As a conchologist, Rendall of course picked up (Orkney Shore, p. 18) on the fact that the three-year old Egill Skallagrímsson (in ch. 31 of his saga), refers to the 'three silent dogs of the surf swell' that the juvenile poet got from his grandfather as payment for his first poem. The saga prose interprets this kenning as referring to kúfungar, or sea-snails, a term used for a large and diverse group of animals - it's a pity the Orcadian poet-conchologist didn't speculate a little more on just what shells these were, though he was fascinated by spiral shells:
The mind rests on its sheer loveliness, content, it may be, with the harmony of aesthetic values; or if so disposed, wanders in the dangerous but delightful labyrinth of speculative thought. This wonderfully contrived object, so specialised as to differ from all others in its class, yet not excelling in any intricacy of design, each in its own way being unique, what is it? (Orkney Shore, p. 122).

13 April 2013

Material for a Poem

Here I am back in the Orcades on another busman's holiday. Next week it will be all business (though very pleasurable business, of course), but I came up a few days early to revisit old haunts and discover new ones. First off was Sanday, which was beautiful and fascinating in snow, rain, hail, sleet, wind and sun (or indeed all of those at the same time). But today I'm in a poetical mood and minded to blog about Wyre, which I visited yesterday in the most glorious spring sunshine (the photos show more cloud than I saw for most of the day).

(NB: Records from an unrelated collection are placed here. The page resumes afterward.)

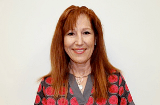 A woman with red hair is smiling and wearing a polka dot shirt.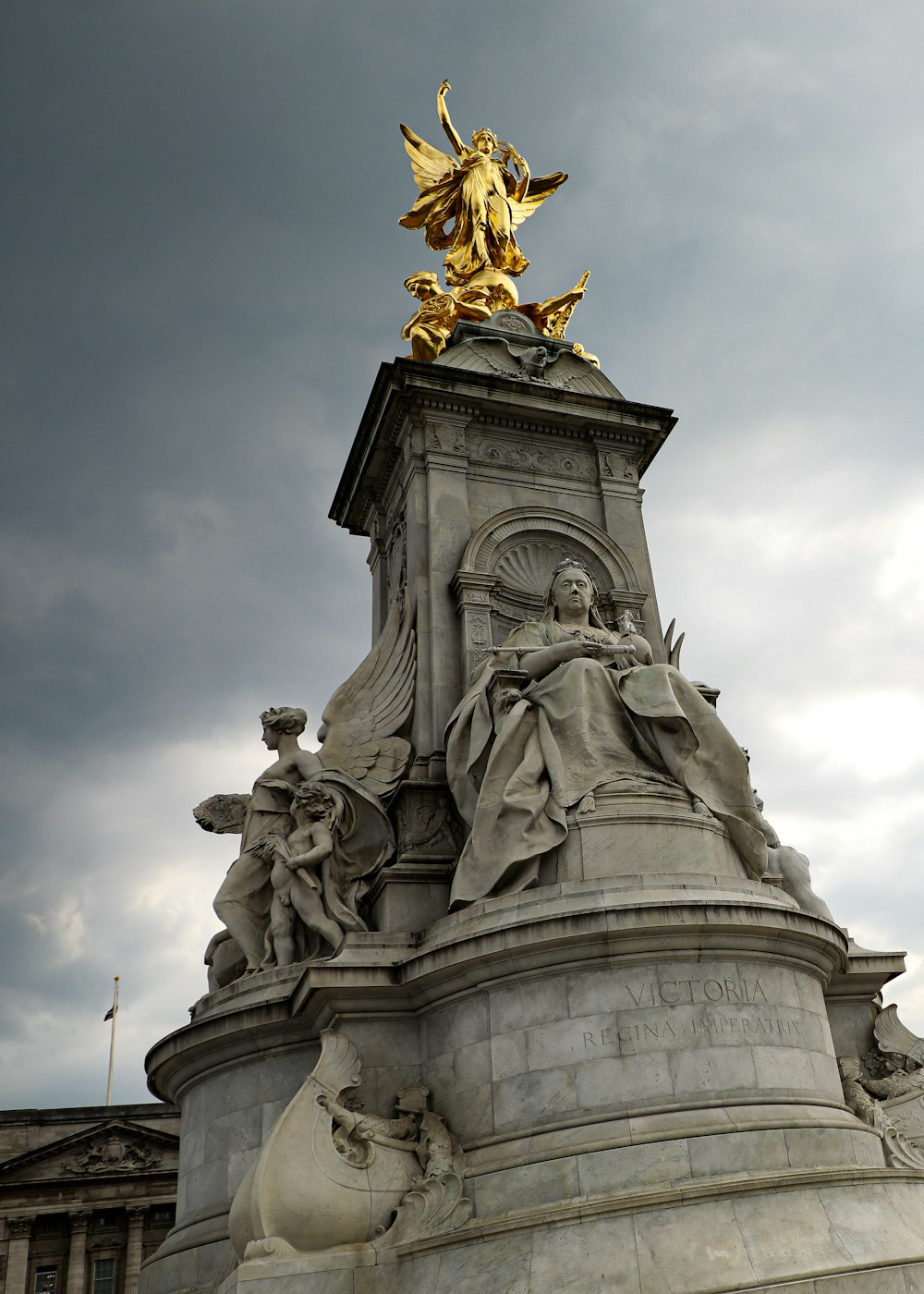 a statue with a golden angel on top of it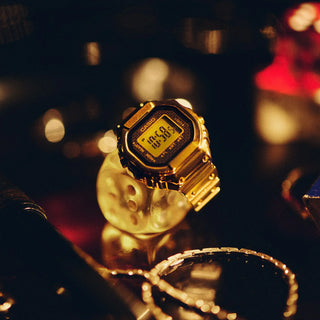 Gold Casio digital watch on a reflective surface with blurred background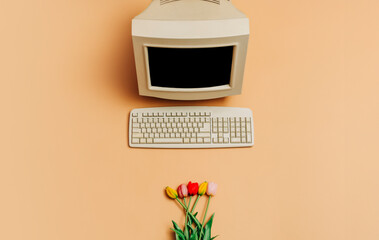 vintage pc and tulips on brown background, top view. monitor and keyboard as in 90s
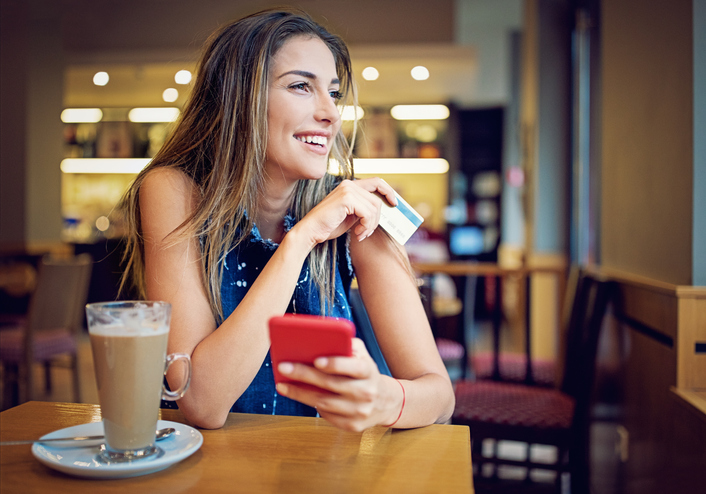 Girl is sitting in a cafe, and shopping online using her credit card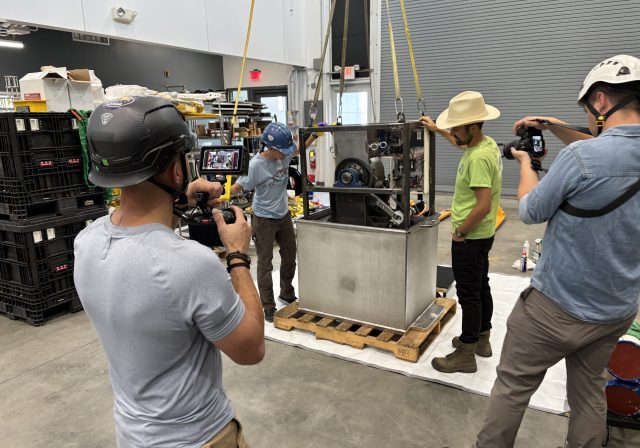 IMG_2131 (1) Joshua Bauer, NREL; Taylor Mankle, NREL; Meghan Donohue, WHOI; and Alex Franks, WHOI, install the WEC system into its watertight housing. © Ken Kostel, WHOI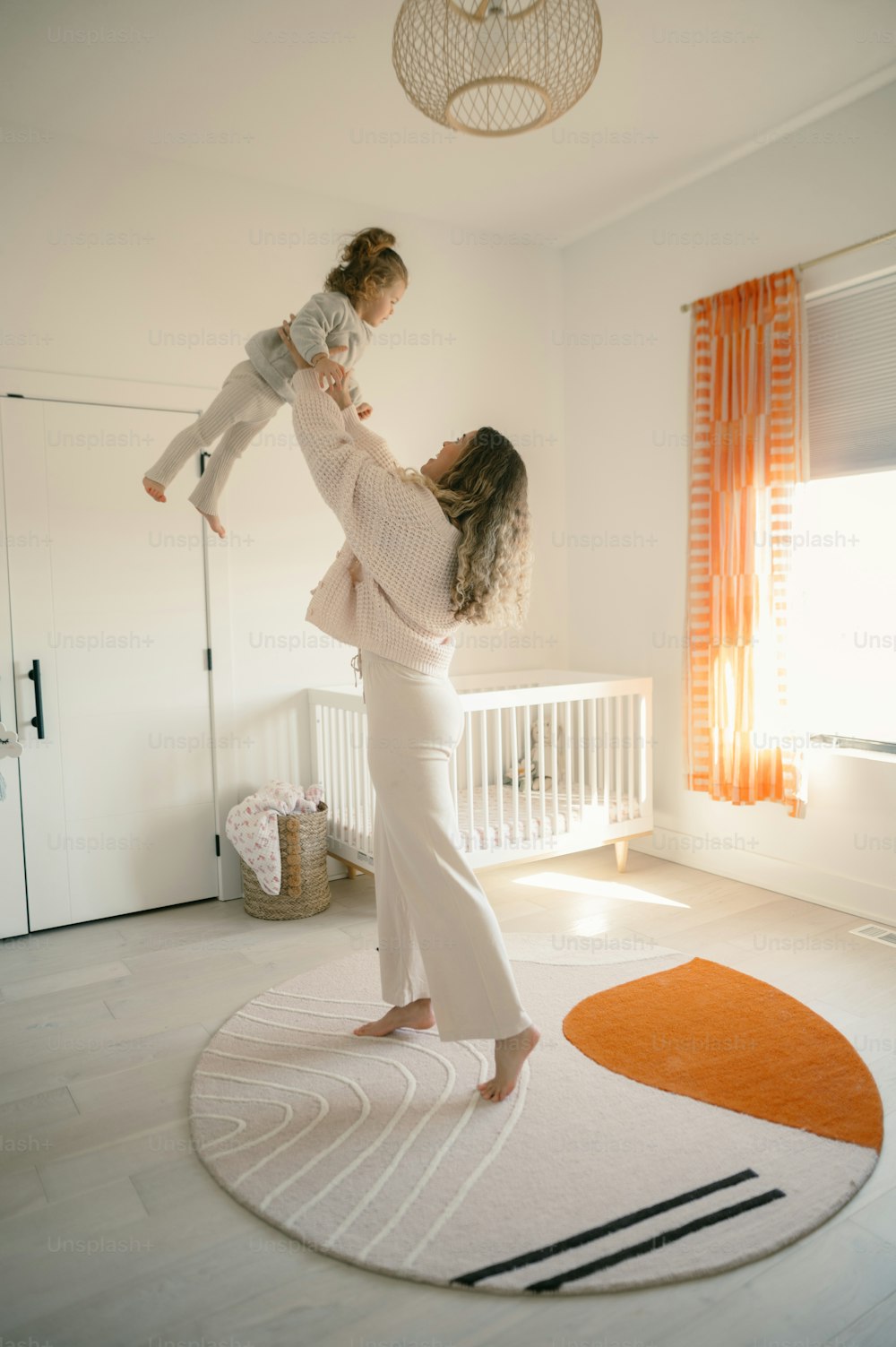 Una mujer sosteniendo a un bebé en una habitación blanca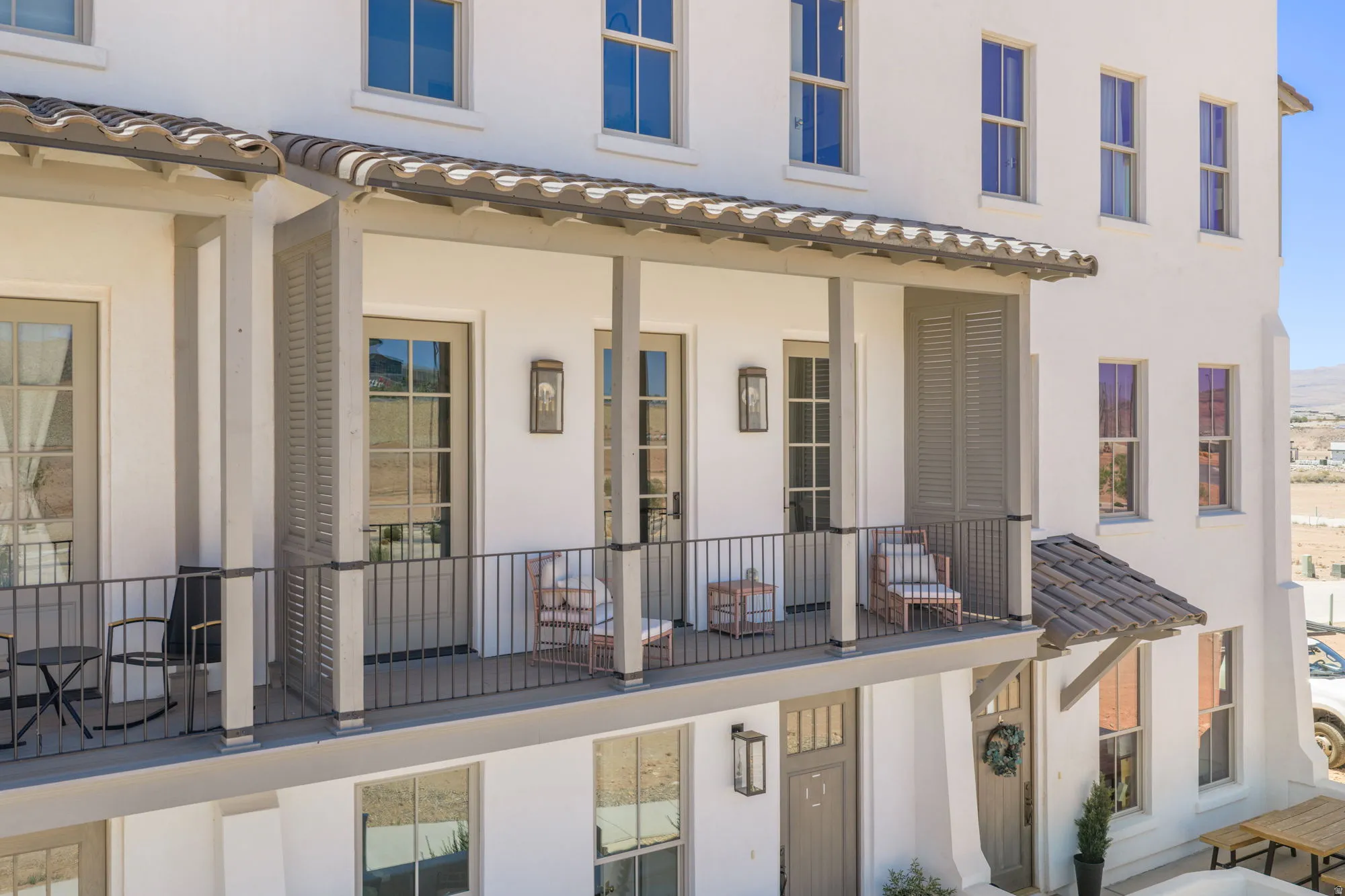 Upper-level balcony featuring a tile roof, recessed lighting, and a dark metal railing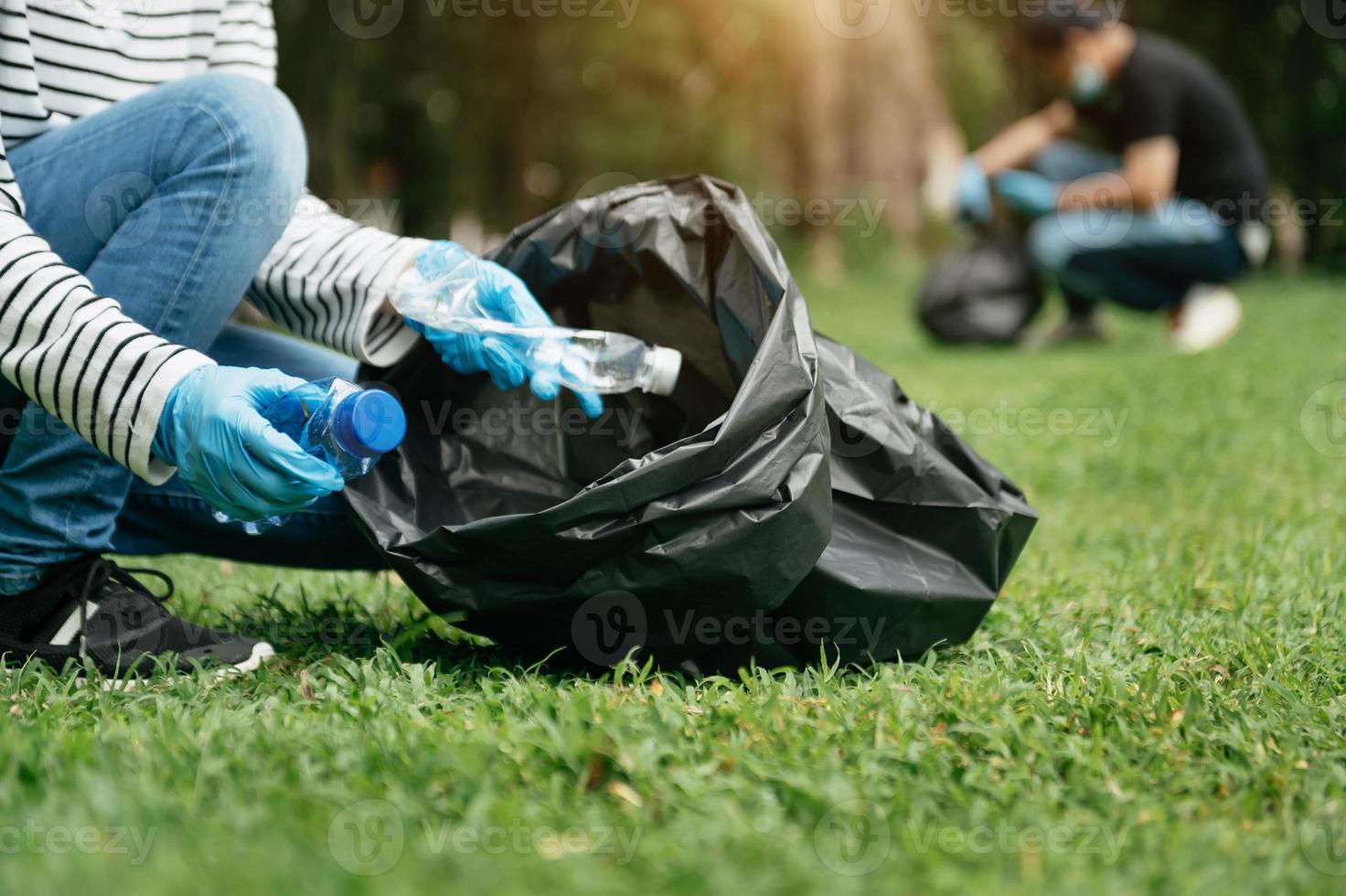 donna di mano scelte su plastica rifiuto per pulizia in riciclare Borsa per pulizia il parco. radura, inquinamento, ecologia e plastica concetto. foto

Wyre was something of a pilgrimage for me. Since my last visit in 1989, I have come to know a lot more about its most famous inhabitants Kolbeinn hruga, who built the castle (pictured above), and especially his son, Bishop Bjarni Kolbeinsson. Bjarni was of course the well-travelled bishop who spent a lot of time in Norway (where his father probably came from). He may have built the lovely little chapel next to the castle pictured below. Bjarni is also the author of a fascinating narrative poem about the Jómsvíkingar, of all things, and their heroic defeat at the battle of Hjörungavágr - his literary activity was probably the last gasp of Orkney's twelfth-century renaissance. Having once translated his poem for a general readership, and having also written more academically about both the saga (some time ago), and various poems about the Jómsvíkingar (in a forthcoming article), I couldn't miss an opportunity to visit the place this learned man came from, though perhaps he, too, like his successor Edwin Muir, many centuries later, had to leave it to reach his full literary potential. Still, the castle (probably the oldest stone castle in Scotland) suggests that Wyre in the twelfth and thirteenth centuries was not then the rather modest place of eighteen inhabitants it is today. But they still appreciate their poets, and the small heritage centre has a display about 'Wyre's Poets', mentioning not only Bjarni Kolbeinsson and Edwin Muir, but also a descendant of Rögnvaldr's called Snækollr Gunnason, who is mentioned in Hákonar saga Hákonarsonar and probably also had a connection with Wyre, though his surviving poetic output is a bit meagre, to say the least.

On returning from Wyre, I went to a lecture in the splendid Pier Arts Centre in Stromness about Margaret Tait, previously known to me as an experimental film maker. She gets a mention here partly because she made a film 'The Driftback' in the 1950s about farmers returning to live in Wyre, against the tide which then was all about leaving small islands, and partly because it turns out she was a poet, too. The lecture (by Sarah Neely of the University of Stirling) was about the importance of poetry to Tait's films, and the development of her films into what could be described as 'film-poems', but she also published quite a few poems on the page. Many of both her films and poems are about Orkney and it turns out that no Orkney poet can avoid turning their hand to Norse and Viking themes now and again. Here's a snippet from what I think is one of her better ones, originally published in the Orkney Herald in 1959 (and now in Sarah Neely, ed., Margaret Tait: Poems, Stories and Writings, Carcanet 2012, p. 113):

The equinox excited the Vikings out of their winter stupor,
Made other lands seem desirable,
Made the roving sea and the turning world all a prod, a birch upon them, an unknown waiting welcoming motion to receive them,
And in they went
With the prows of their vessels high and proud,
Their weapons clanging against their shields,
With the swift sides of their long ships entering between two lips of water
And at speed rushing -
Yelling off to fight the Irish.

Yesterday was just such a spring day, soon after the equinox, which would have excited the Vikings. Bjarni Kolbeinsson said, slíkt eru yrkisefni 'such matters are material for a poem', and, as a chronicler of similar deeds himself, I'm sure he would have approved.